EXERCISE REQUIREMENTS: With the pictures omitted, print exactly the lines below, from the one containing "Xander 120cm Fluted" through the one containing "AjezMax Damen Hosen", and nothing else.

PROVIDED DATA:
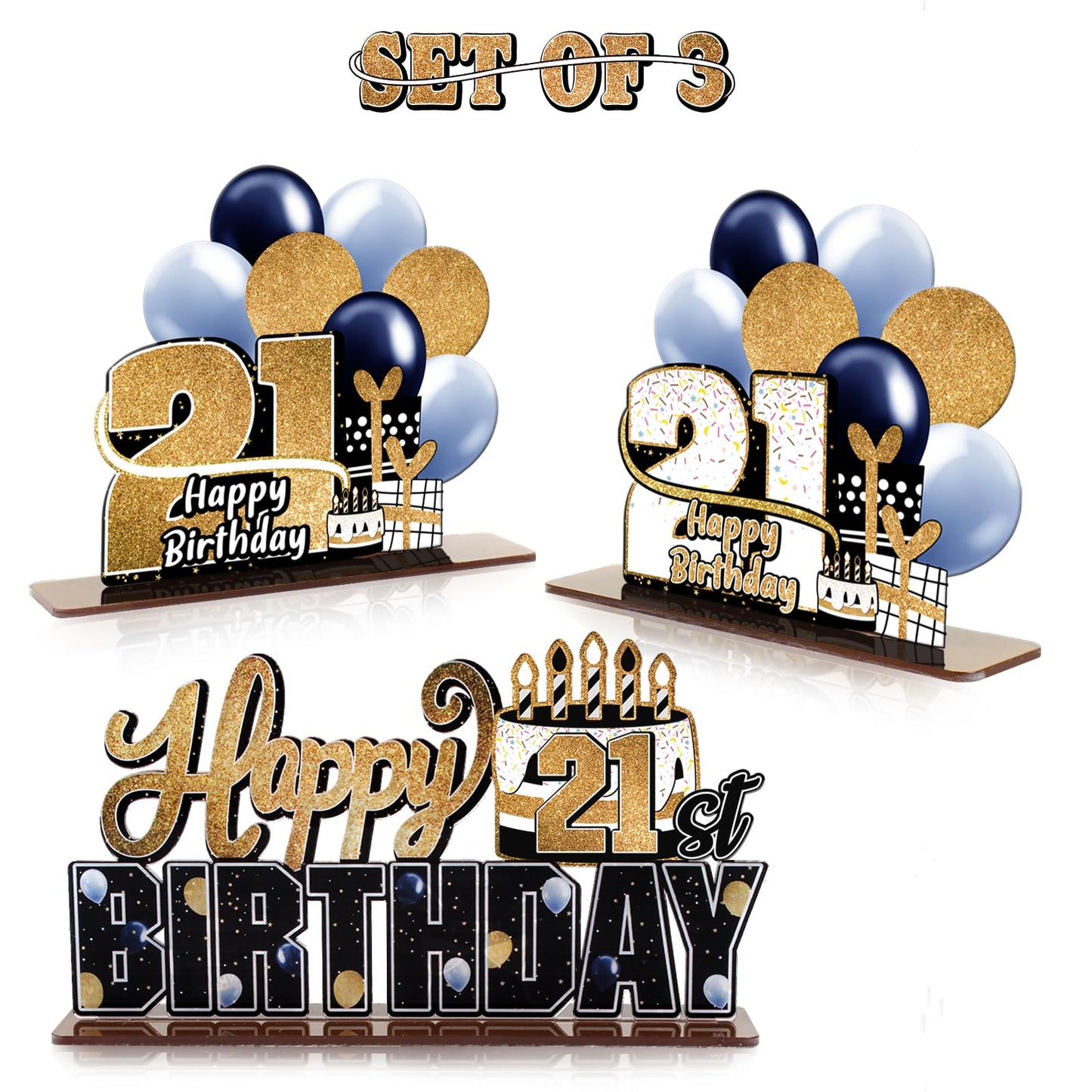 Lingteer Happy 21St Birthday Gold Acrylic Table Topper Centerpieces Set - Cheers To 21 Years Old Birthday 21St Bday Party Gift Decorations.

* * *

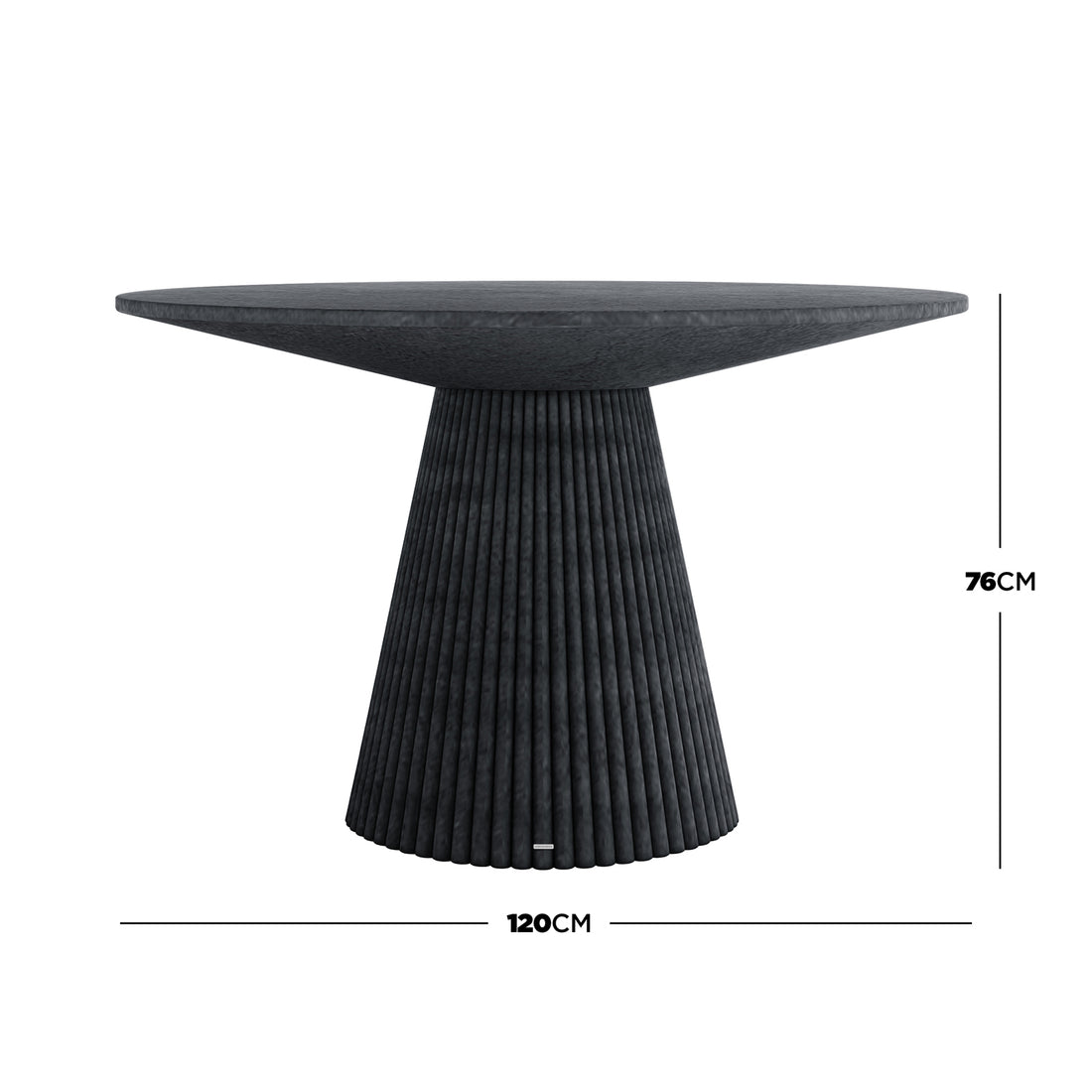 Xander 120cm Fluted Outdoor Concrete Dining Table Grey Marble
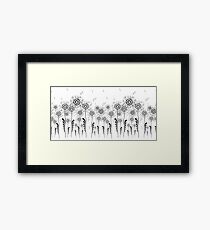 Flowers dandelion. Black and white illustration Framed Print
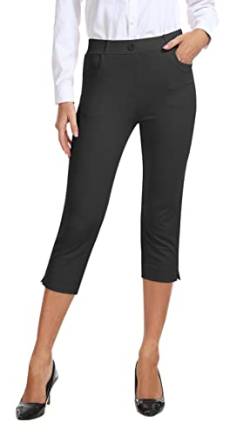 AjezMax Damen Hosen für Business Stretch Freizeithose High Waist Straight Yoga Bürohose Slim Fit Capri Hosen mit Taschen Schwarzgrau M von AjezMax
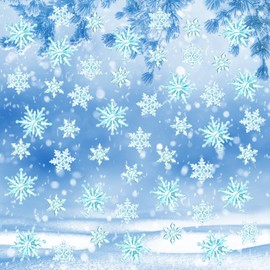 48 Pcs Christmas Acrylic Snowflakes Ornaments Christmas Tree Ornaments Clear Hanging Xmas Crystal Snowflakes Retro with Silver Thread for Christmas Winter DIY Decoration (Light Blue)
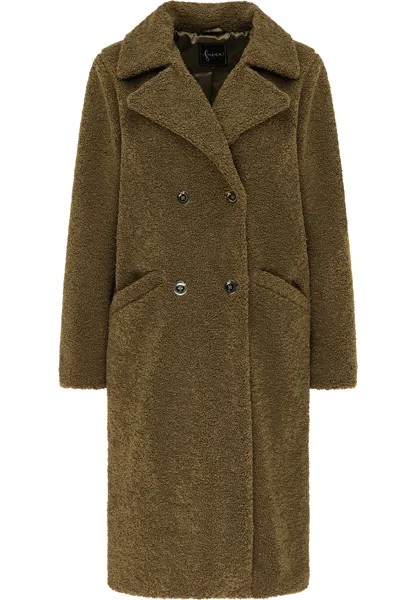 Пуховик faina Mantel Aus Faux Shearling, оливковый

ANSWER SPACE:
 Xander 120cm Fluted Outdoor Concrete Dining Table Grey Marble
 Flowers dandelion. Black and white illustration Framed Print
 AjezMax Damen Hosen für Business Stretch Freizeithose High Waist Straight Yoga Bürohose Slim Fit Capri Hosen mit Taschen Schwarzgrau M von AjezMax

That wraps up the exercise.